Maybe I have the wrong idea of what education should be like but I like to
think that the school should fit around the pupils and not the other way about.
I believe that to give the impression that authoritative figures deserve
‘natural respect’ as opposed to earning it, is a convenient way to teach young
people that our politicians deserve the same free ticket to gaining obedience.
Maybe again I have the wrong idea but should information given by these
authority figures be accepted without questioning out in wider society? No, so
why should pupils be expected to accept what a teacher says without questioning
them? To challenge a teacher on something was to cross the line in my school.
We got the whole ‘I have a degree in this subject’ lecture as if that was
enough to squash any possibility of the person being wrong.
Critical thinking and questioning things is for me the most
important part of learning. We as people have to be able to make our own minds
up about things and to always be true to our values as individuals and as a
collective humanity. We can’t allow for the media to have us so indoctrinated
with a particular way of thinking that for them it is almost effortless to
influence public opinion and to get people to go along with a particular
agenda. If you stand back and look at what capitalism has created in this
world, you soon realise it is something so unnatural that it has to stop or else
we will cease to be. Boris Johnson and David Cameron might celebrate the
culture of greed and wish for it to be weaved into the school curriculum
somewhere, but if you truly believe that possessions are the defining aspect of
a human being then you clearly have sold your soul for short term vices.
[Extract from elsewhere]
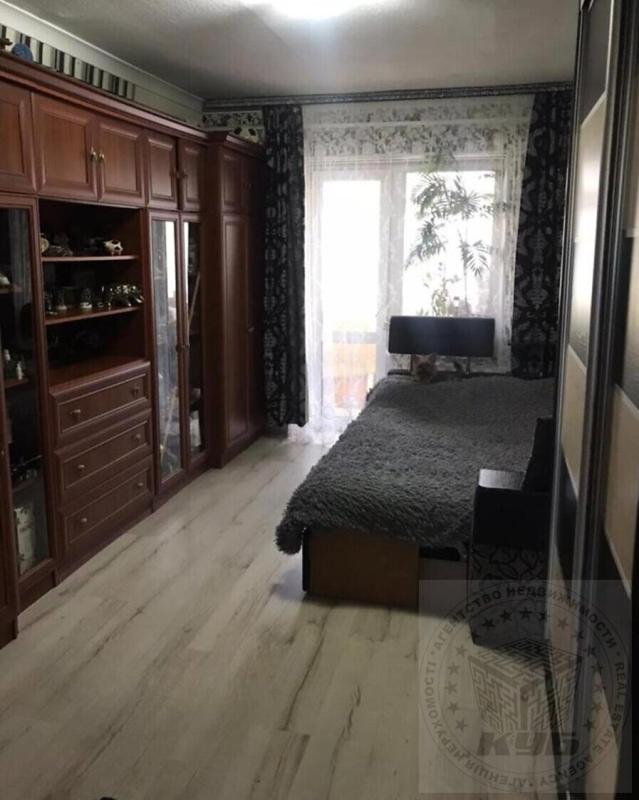 Продажа 3 комнатной квартиры 82 кв. м, Якуба Коласа ул. 17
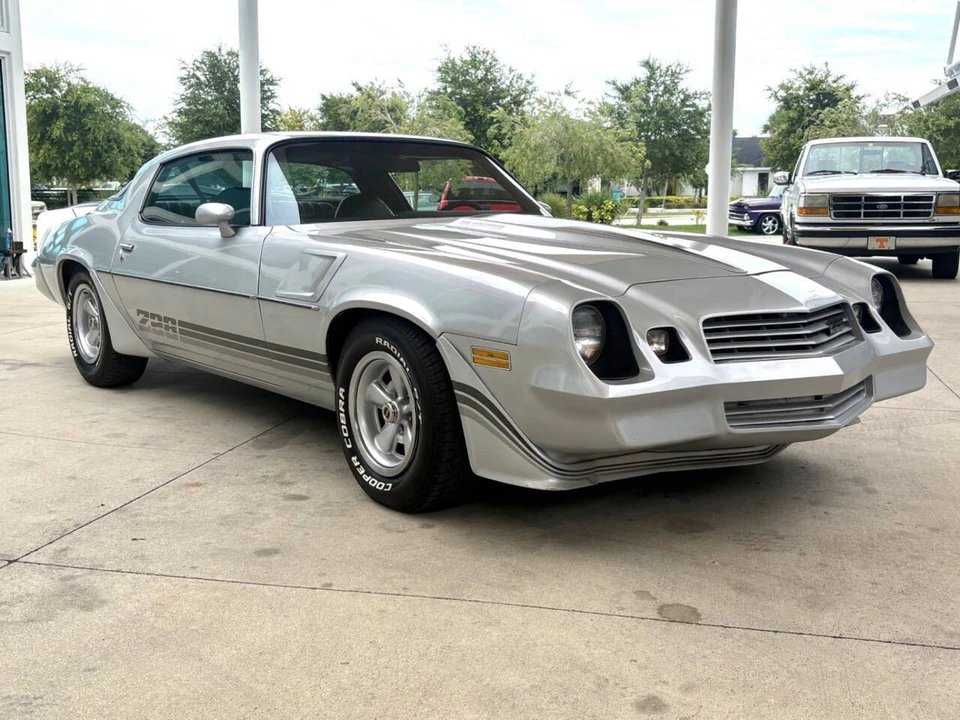 1981 Chevrolet Camaro - Image 4 of 31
‘Work hard and you’ll get a well-paid job’. Another myth perhaps, given that this so
called meritocracy that we live in see’s investment bankers on seven figure
salaries while someone genuinely useful, like a nurse or an engineer will be
worrying about the rising prices of fuel and food. But put this aside and look
at another reason why this phrase should be discouraged. ‘Well paid’, why is
this the most important aspect of a career? The government have been quick to
encourage people to leave behind the more creative subjects and to look at
something which contributes more directly to the economy. Well firstly the
creative industries bring a lot of money into to this country, and secondly
people should be encouraged to find fulfilment on a spiritual level before they
have to worry about ‘keeping up with the Jones’s’.
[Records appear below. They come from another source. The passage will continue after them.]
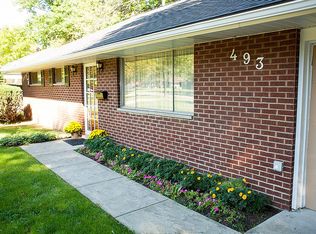 493 Harris Rd, Richmond Heights, OH 44143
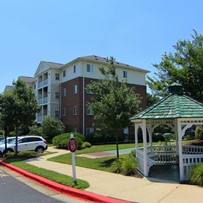 Image of Glen Forest Senior Apartments (1)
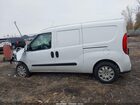 2016 Ram Promaster City Tradesman Slt Белый vin: ZFBERFBT4G6A99991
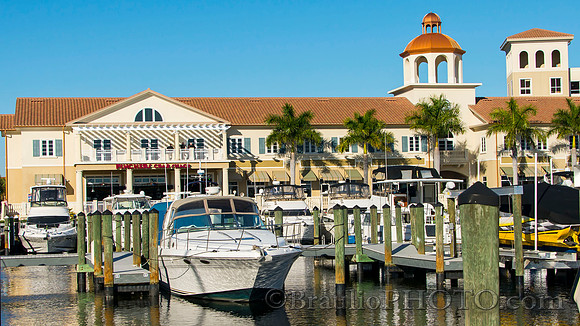 Tarpon Point Marina, Silver King Boulevard, Cape Coral, FL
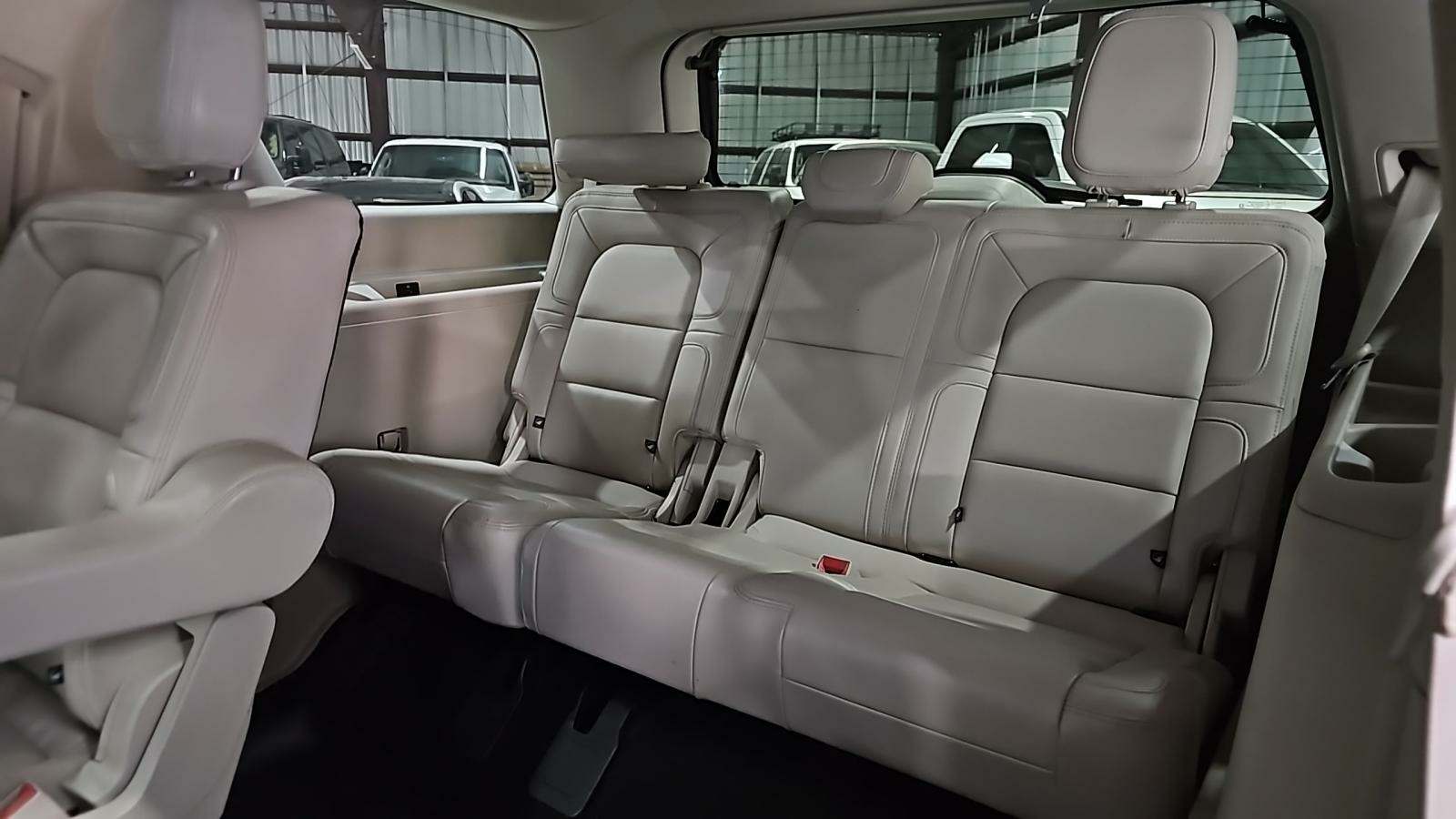 2021 Lincoln Navigator Reserve RWD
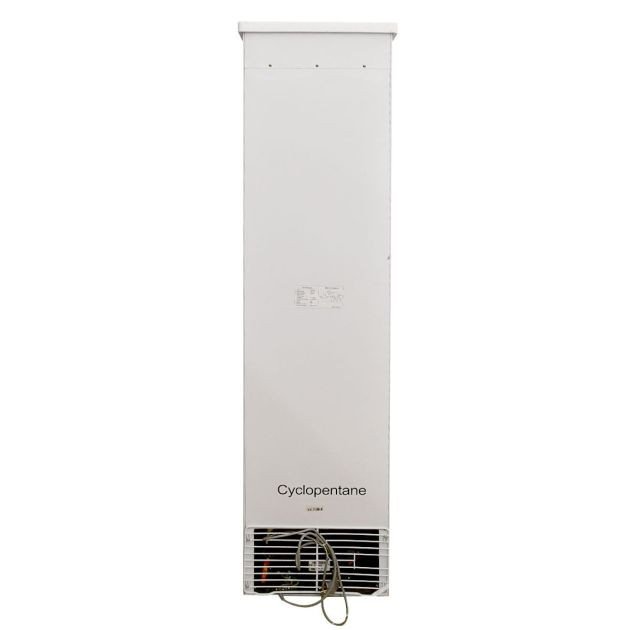 réfrigérateur-vitrée---innova---in-368---172l---avec-6-étagères-de-rangement---blanc---6-mois-de-garantie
School and universities should be places
where society develops its thought and its collective consciousness. Not
somewhere to go so you become more ‘employable’. Why should working class people be told to
make themselves more useful to the policy makers of society? Education seems to
be just that, a place where the workers go to be taught how to be workers. A
lack of decision making in the classroom leads to a lack of decision making in
the workplace. I would encourage people to study what interests them and to
question what they learn. I would encourage people to believe in the power they
have in their hands to bring about change in society. It seems however the
education system would encourage people to passively accept certain norms and
values and to learn through repetition and retention of meaningless information
which has not been questioned. It is a sad fact today that the education system
of our country encourages a heteronomous society and promotes homogeneity over
diversity of the individual, the reasons for this may lie somewhere in the fact
that those who have their hands on the levers of power require things to remain
as they are and for true human nature and freedom to be oppressed as this is
the only way to maintain this pathological ideology of capitalism. If you step
outside the rules created to maintain the status quo you will be marginalised
and the ‘best time of your life’ may not quite live up to its billing. This is
why some of us hated school, not because we are lazy, stupid, hard to motivate
or mentally ill, but because we refuse to get in line and conform to the values
that would see us willingly participate in a criminal ideology.